- [Crawled caption data]:
___
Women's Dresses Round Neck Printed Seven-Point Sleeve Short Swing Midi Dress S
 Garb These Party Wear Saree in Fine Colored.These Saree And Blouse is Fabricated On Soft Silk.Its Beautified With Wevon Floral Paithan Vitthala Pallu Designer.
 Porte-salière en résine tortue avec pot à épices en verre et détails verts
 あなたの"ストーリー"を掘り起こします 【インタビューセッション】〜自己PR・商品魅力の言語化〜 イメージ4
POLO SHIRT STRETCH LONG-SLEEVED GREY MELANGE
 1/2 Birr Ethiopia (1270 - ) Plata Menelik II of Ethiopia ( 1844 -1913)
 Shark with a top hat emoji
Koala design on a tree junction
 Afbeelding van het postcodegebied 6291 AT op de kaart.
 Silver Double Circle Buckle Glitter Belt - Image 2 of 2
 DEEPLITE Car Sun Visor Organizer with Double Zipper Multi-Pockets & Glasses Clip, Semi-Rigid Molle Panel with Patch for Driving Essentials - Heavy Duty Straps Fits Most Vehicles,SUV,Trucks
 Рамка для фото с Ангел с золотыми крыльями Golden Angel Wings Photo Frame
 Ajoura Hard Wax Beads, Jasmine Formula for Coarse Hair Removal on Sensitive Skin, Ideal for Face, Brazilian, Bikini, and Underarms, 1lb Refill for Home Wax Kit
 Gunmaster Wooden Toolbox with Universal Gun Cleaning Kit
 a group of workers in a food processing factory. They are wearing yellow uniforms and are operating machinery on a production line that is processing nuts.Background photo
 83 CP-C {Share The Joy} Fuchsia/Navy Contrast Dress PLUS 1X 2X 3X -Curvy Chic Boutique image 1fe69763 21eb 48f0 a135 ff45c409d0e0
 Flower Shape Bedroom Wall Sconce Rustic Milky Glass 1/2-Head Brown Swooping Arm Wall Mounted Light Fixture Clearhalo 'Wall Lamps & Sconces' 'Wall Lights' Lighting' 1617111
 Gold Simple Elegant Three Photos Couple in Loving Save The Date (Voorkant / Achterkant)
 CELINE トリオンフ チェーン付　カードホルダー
___
- [WHAT THIS TASK INVOLVES]: Return the lines above that include the string "Double".

- [EXPECTED ANSWER]:
 Silver Double Circle Buckle Glitter Belt - Image 2 of 2
 DEEPLITE Car Sun Visor Organizer with Double Zipper Multi-Pockets & Glasses Clip, Semi-Rigid Molle Panel with Patch for Driving Essentials - Heavy Duty Straps Fits Most Vehicles,SUV,Trucks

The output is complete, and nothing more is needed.